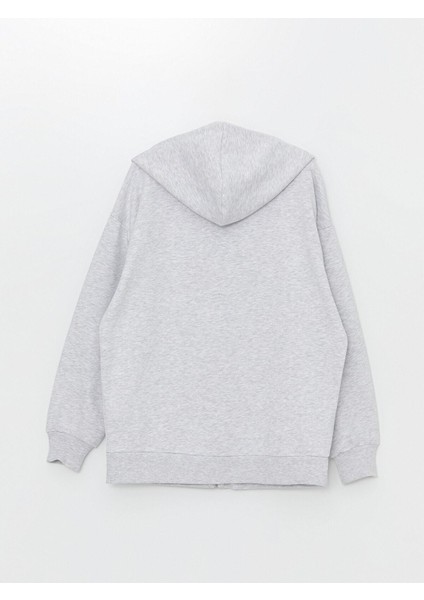 Xsıde Kapüşonlu Düz Uzun Kollu Oversize Kadın Fermuarlı Sweatshirt
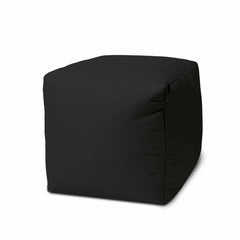 17  Cool Jet Black Solid Color Indoor Outdoor Pouf Ottoman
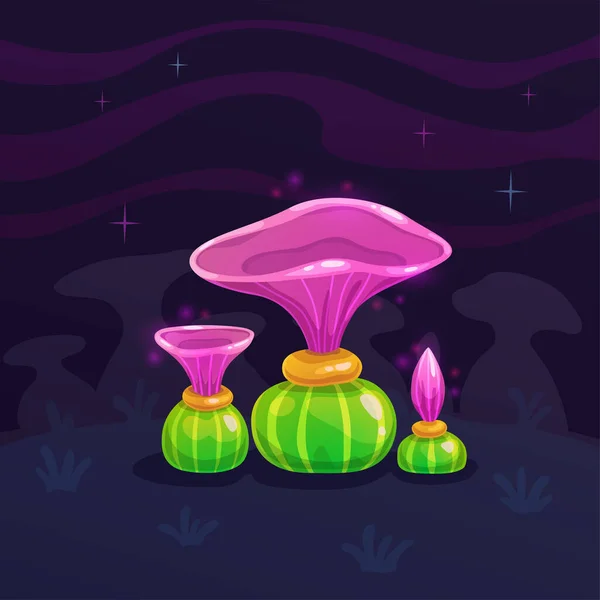 Волшебный мультяшный ночной гриб. Инопланетные природные богатства. — стоковый вектор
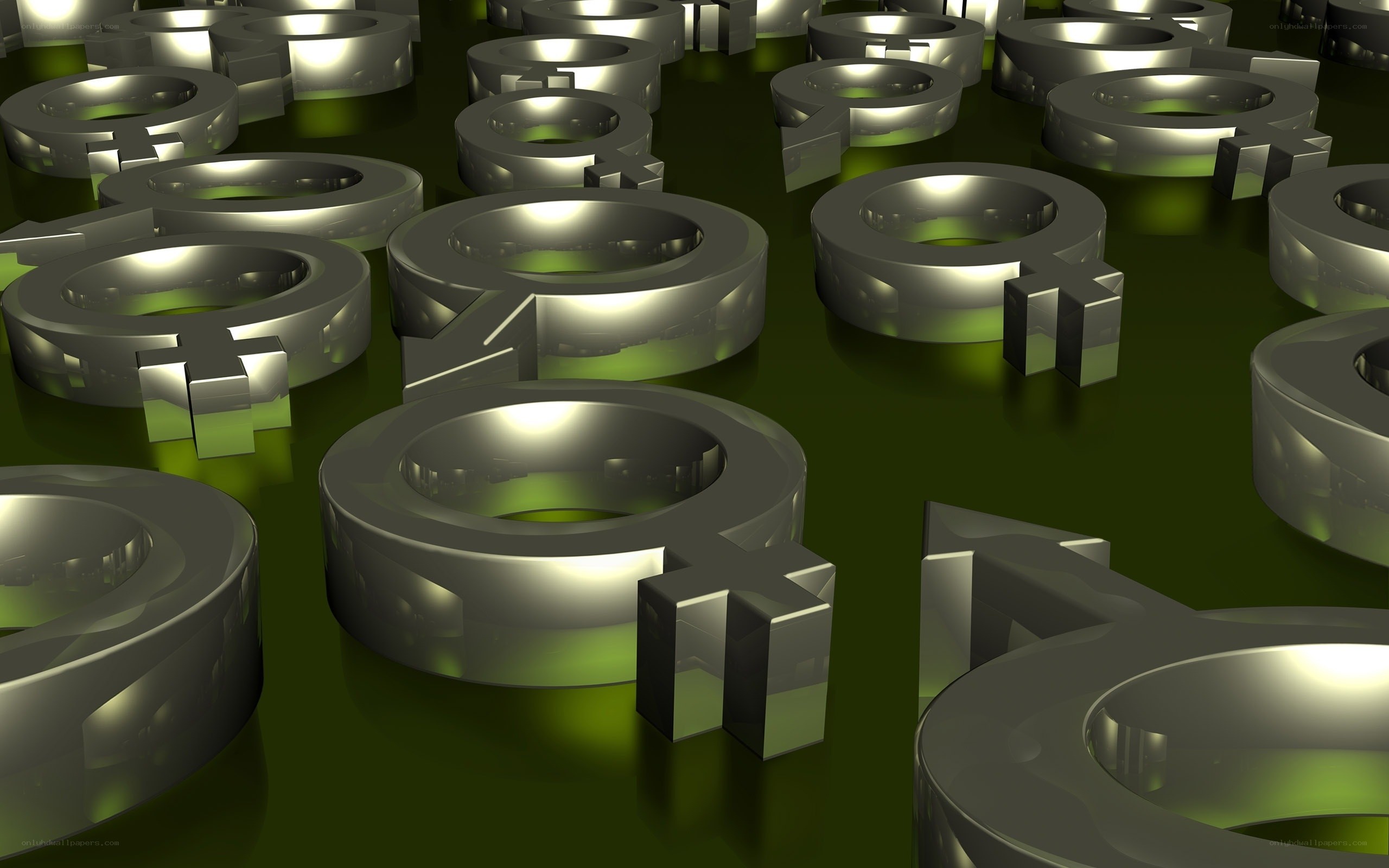 Metallic gender symbols on green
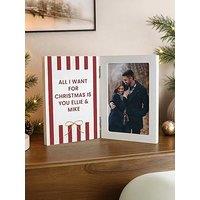 The Personalised Memento Company Personalised Red Striped Hinged Wooden 6X4 Frame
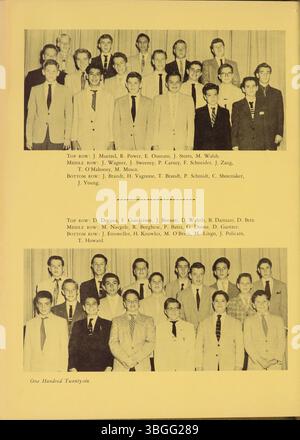 Das ist das Jahrbuch 1956 für die Aquinas College High School. Das Gebäude der Aquinas College High School wurde vom Columbus Technical Institute gekauft und später in Aquinas Hall am Columbus State Community College umbenannt. Stockfoto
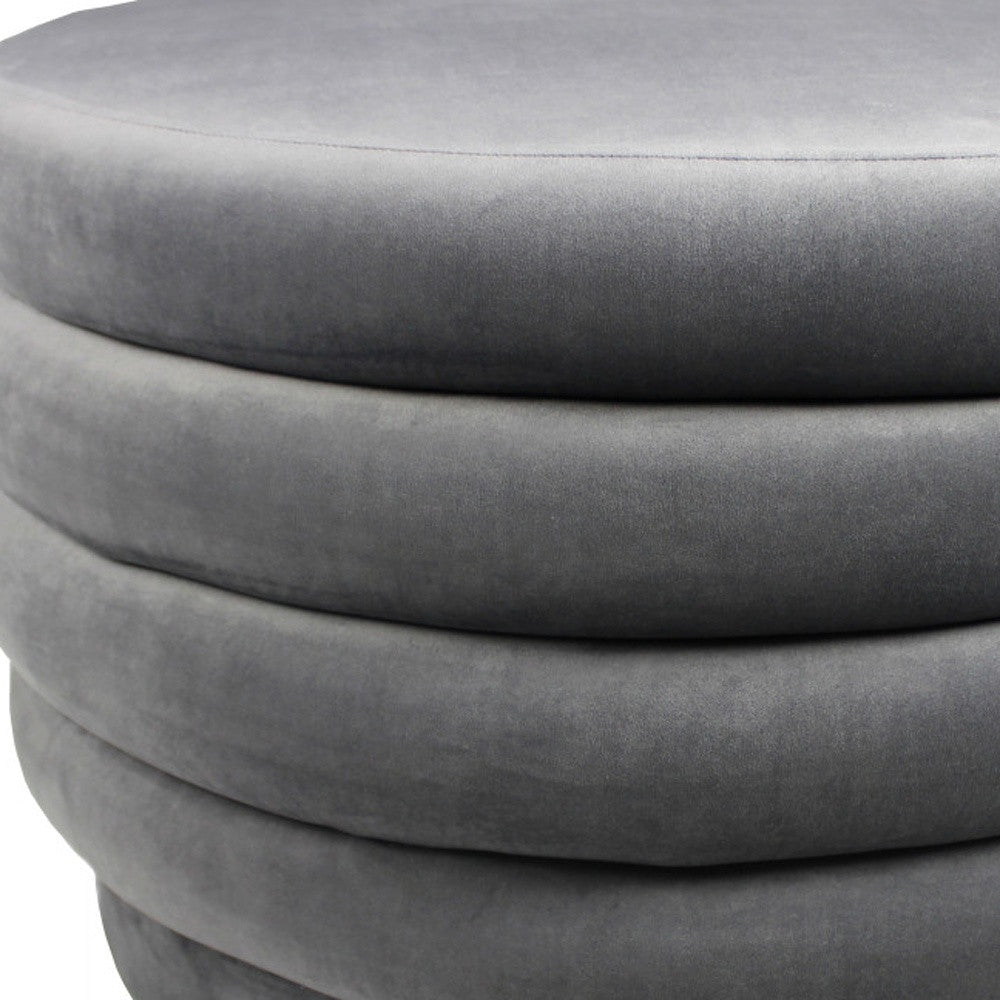 31" Gray Velvet Tufted Round Cocktail Ottoman-3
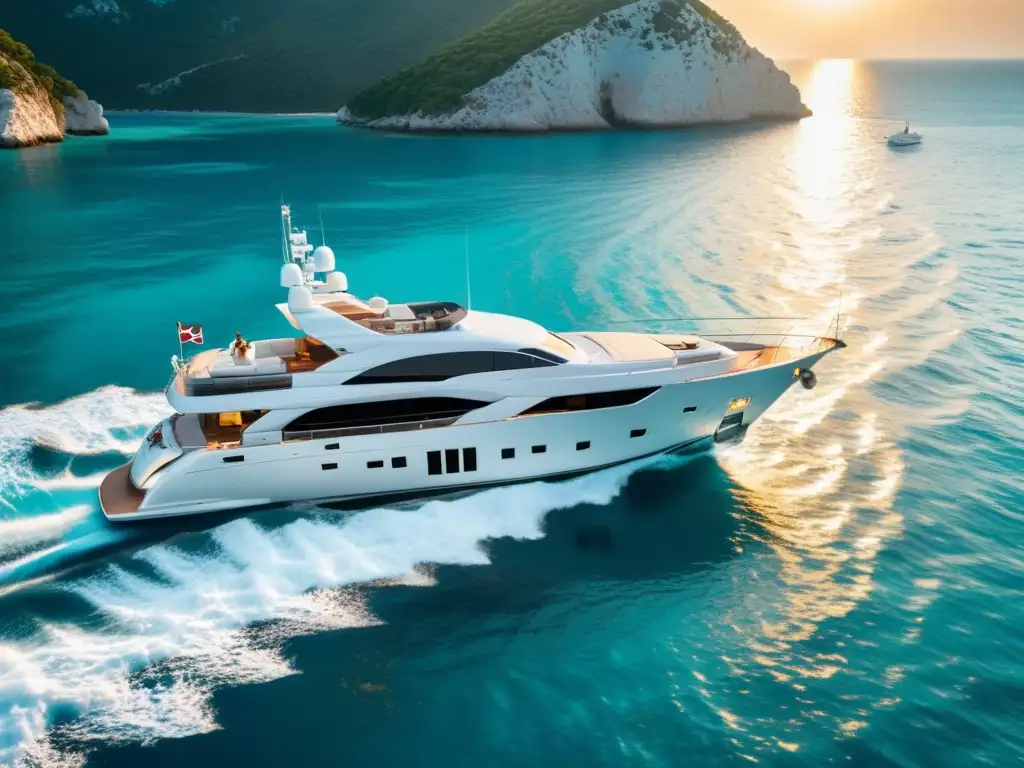 Embarcación de lujo navegando en aguas turquesas al atardecer, reflejando opulencia y exclusividad en alquiler de embarcaciones de lujo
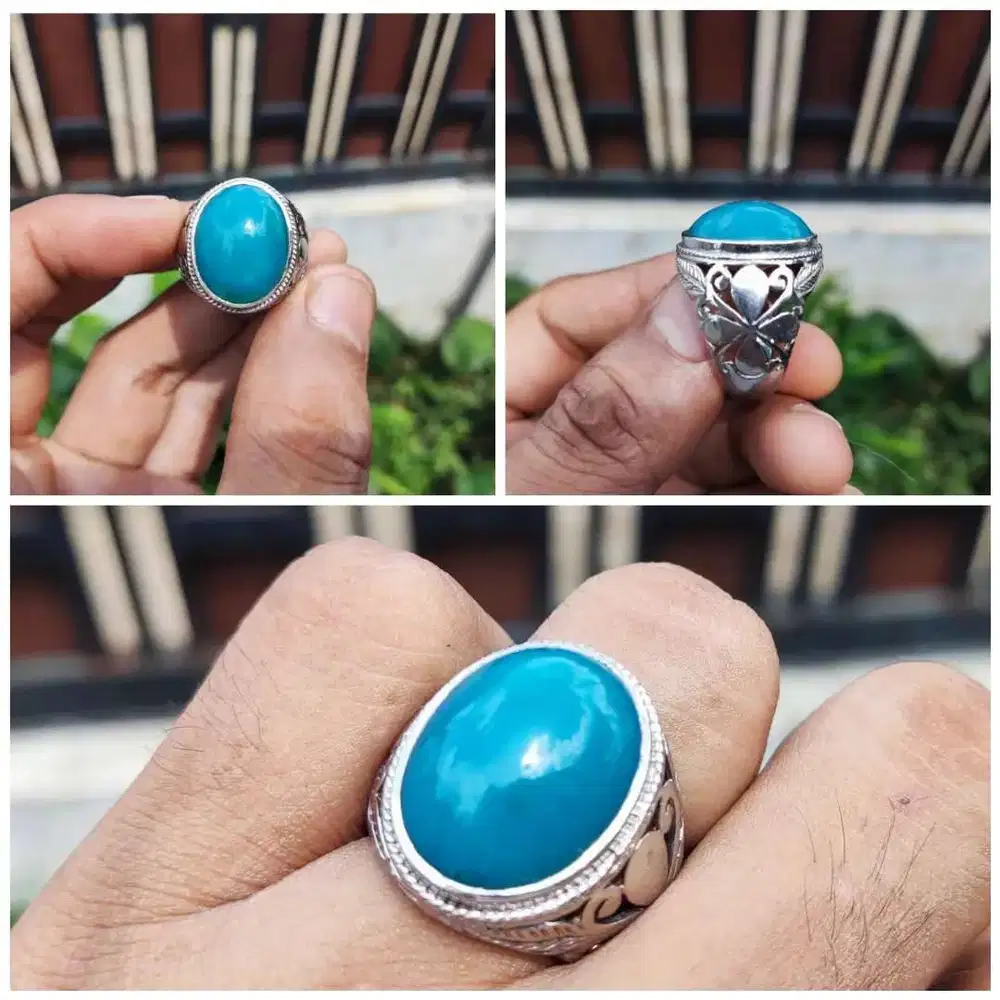 Cincin Batu Bacan Doko Majiko Natural Ring Perak Chrome Mahar/Barter
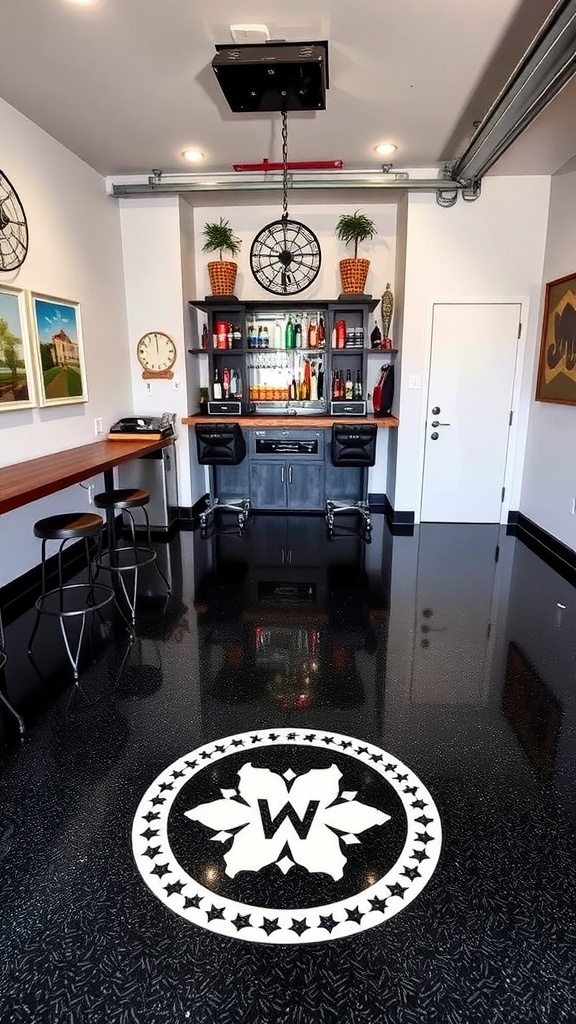 A stylish garage bar with a custom logo on the epoxy floor, showcasing a modern yet rustic vibe.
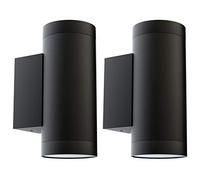 Klighten 2 Piezas Aplique de Pared Exterior Arriba Abajo Aplique Exterior IP65 Lámpara de Pared Moderna de Aluminio para Entrada Terraza Jardín, Zócalo GU10, Bombilla no Incluida, negro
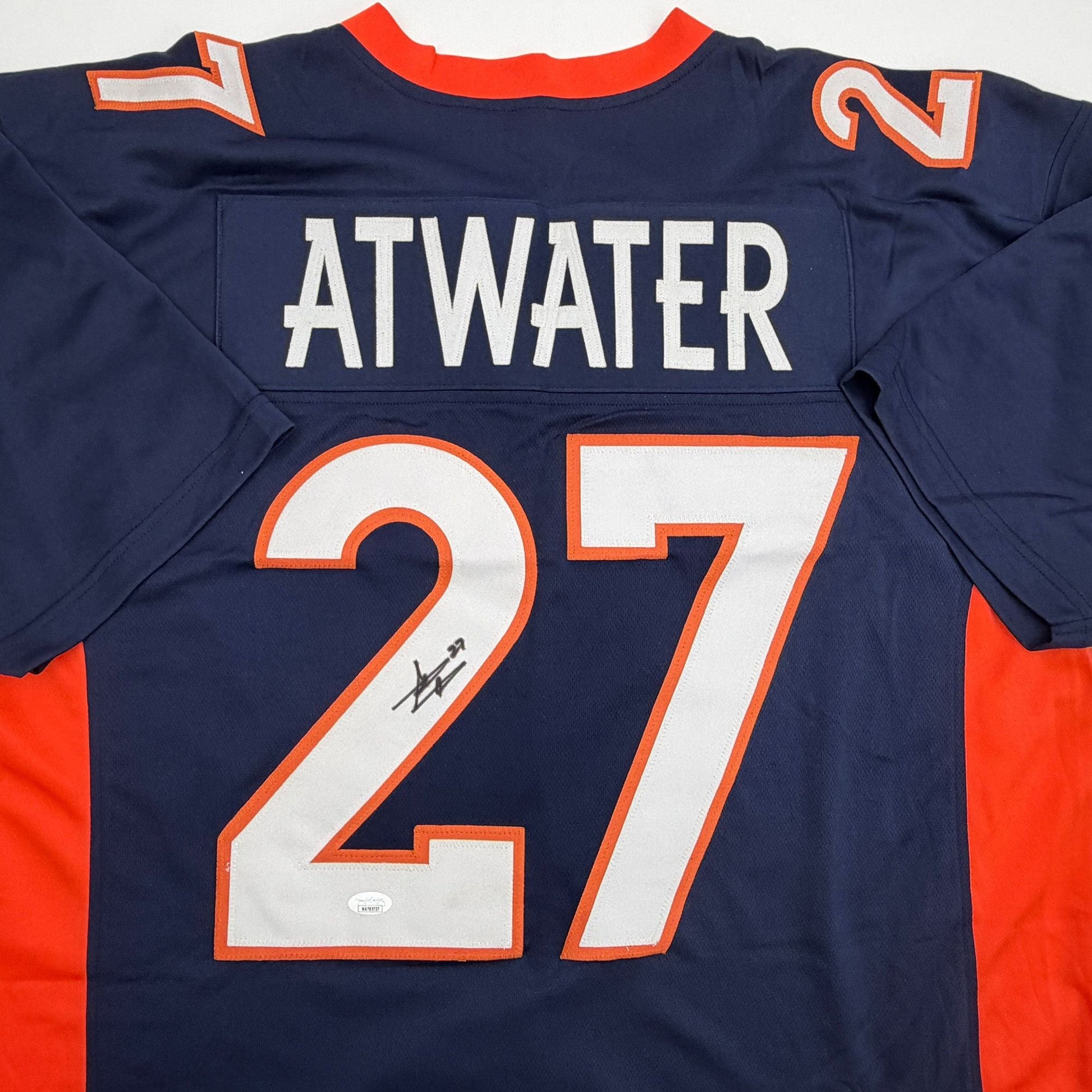 Autographed/Signed Steve Atwater Denver Blue Football Jersey JSA COA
^^^^^^^^
__Problem statement__
Beginning at the line containing "Волшебный мультяшный ночной", restate every line through the end of the material above exactly; omit the pictures.

__Expected answer__
 Волшебный мультяшный ночной гриб. Инопланетные природные богатства. — стоковый вектор
 Metallic gender symbols on green
 The Personalised Memento Company Personalised Red Striped Hinged Wooden 6X4 Frame
 Das ist das Jahrbuch 1956 für die Aquinas College High School. Das Gebäude der Aquinas College High School wurde vom Columbus Technical Institute gekauft und später in Aquinas Hall am Columbus State Community College umbenannt. Stockfoto
 31" Gray Velvet Tufted Round Cocktail Ottoman-3
 Embarcación de lujo navegando en aguas turquesas al atardecer, reflejando opulencia y exclusividad en alquiler de embarcaciones de lujo
 Cincin Batu Bacan Doko Majiko Natural Ring Perak Chrome Mahar/Barter
 A stylish garage bar with a custom logo on the epoxy floor, showcasing a modern yet rustic vibe.
 Klighten 2 Piezas Aplique de Pared Exterior Arriba Abajo Aplique Exterior IP65 Lámpara de Pared Moderna de Aluminio para Entrada Terraza Jardín, Zócalo GU10, Bombilla no Incluida, negro
 Autographed/Signed Steve Atwater Denver Blue Football Jersey JSA COA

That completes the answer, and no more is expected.